DOSSIER - Psychiatrie, le choix a la crise
DOSSIER
par Élise LEBOUCHER, députée LFI-Nupes de la Sarthe - Le Journal de l'insoumission n°1781 (Janvier 2024)
La psychiatrie représente près de 10 % des dépenses de l’assurance maladie et le soin demeure majoritairement assuré par les agents du service public. L’Objectif National de Dépenses d’Assurance Maladie croît annuellement entre 2,5 % et 3 %, c’est-à-dire en dessous de l’inflation pour l’année 2024. Mais c’est encore moins pour la psychiatrie : la dotation concernant les activités de psychiatrie n’a augmenté que de 0,88 % entre 2014 et 2018, soit 78,2 millions d’euros. Dans le même temps, les hôpitaux ont subi près de 12 milliards d’euros de coupes budgétaires contraignant les établissements psychiatriques comme les autres à la faillite progressive et à la petite économie quotidienne : sur le matériel, sur l’équipement, sur le personnel et sur les salaires. Contre le soin, depuis trente ans, les gouvernements successifs ont fait le choix de la crise.

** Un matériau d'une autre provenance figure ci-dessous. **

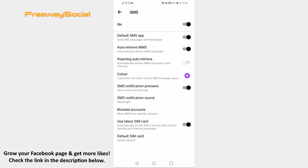That's it for this video. I hope this guide was helpful and you were able to enable text messages on Facebook Messenger app. Don't forget to like this video and visit us at FreewaySocial.com.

Avec le projet de loi de financement de la sécurité sociale 2024, adopté par l’autoritaire 49-3, la tarification à l’acte étend son emprise délétère sur l’activité psychiatrique.
L’activité ambulatoire, par exemple, sera financée par des forfaits variables selon le nombre d’actes par patient, et surtout sur la base de tarifs dégressifs. Il sera donc plus intéressant de recevoir vingt patients une fois, qu’un patient vingt fois : une logique financière aux antipodes de l’accompagnement nécessaire à la relation thérapeutique.
Une personne sur cinq est touchée par un trouble psychique chaque année, soit 13 millions de Français et il est important de noter que personne n’est épargné : Santé publique France révélait en juillet 2023 que 6 élèves de primaire sur 10 souffrent d’un trouble psychique. Pourtant 40 à 60 % des personnes qui le nécessitent ne sont pas pris en charge. Une conséquence directe du manque de moyens et du détricotage de la psychiatrie de secteur dont l’esprit visait à mailler le territoire de façon cohérente. Dans ce contexte, la crise de la psychiatrie est une bombe sociale à retardement.
Comme de nombreux secteurs médicaux, la psychiatrie souffre de la pénurie de professionnels qui conduit à une baisse des possibilités d’accueil et accélère la fermeture des lits et des services.
De surcroît, la discipline fait face à un abaissement des connaissances et une perte de savoir-faire. La formation d’infirmier psychiatrique, disparue en 1990, a laissé un vide jamais comblé. Les médecins généralistes font face à une recrudescence de patients porteurs de troubles sans toujours savoir accompagner ni pouvoir orienter.
Pourtant, face à ce diagnostic, le gouvernement ne souhaite rien régler. C’est pourquoi dans le cadre de l’étude du PLFSS, le groupe insoumis a porté sous la forme d’un « bouquet législatif » des propositions fortes en matière de financement, de maillage territorial, de formation et de dignité. Nous refusons l’extension de la tarification à l’acte (ou basée sur « la dotation à l’activité ») dont le mécanisme produira des effets contre-productifs. Nous réaffirmons la nécessité d’une psychiatrie de secteur dont la vitalité dépend de la bonne santé des Centres médico-psychologiques (CMP) et des Centres d’action médico-sociale précoce (CAMSP). Au-delà du financement et de la géographie, nous défendons un retour de la formation et le développement de la formation continue bénéficiant à tous les professionnels de santé. Aussi, et c’est l’essence de notre engagement, nous portons des propositions visant à garantir la dignité des patients, notamment en limitant les pratiques de contention et d’isolement devenus les symptômes du manque de moyens.
La psychiatrie est en crise, elle attend pour en sortir une vision orientée par les besoins des patients et de leurs proches, en rupture avec la gestion crépusculaire de la macronie.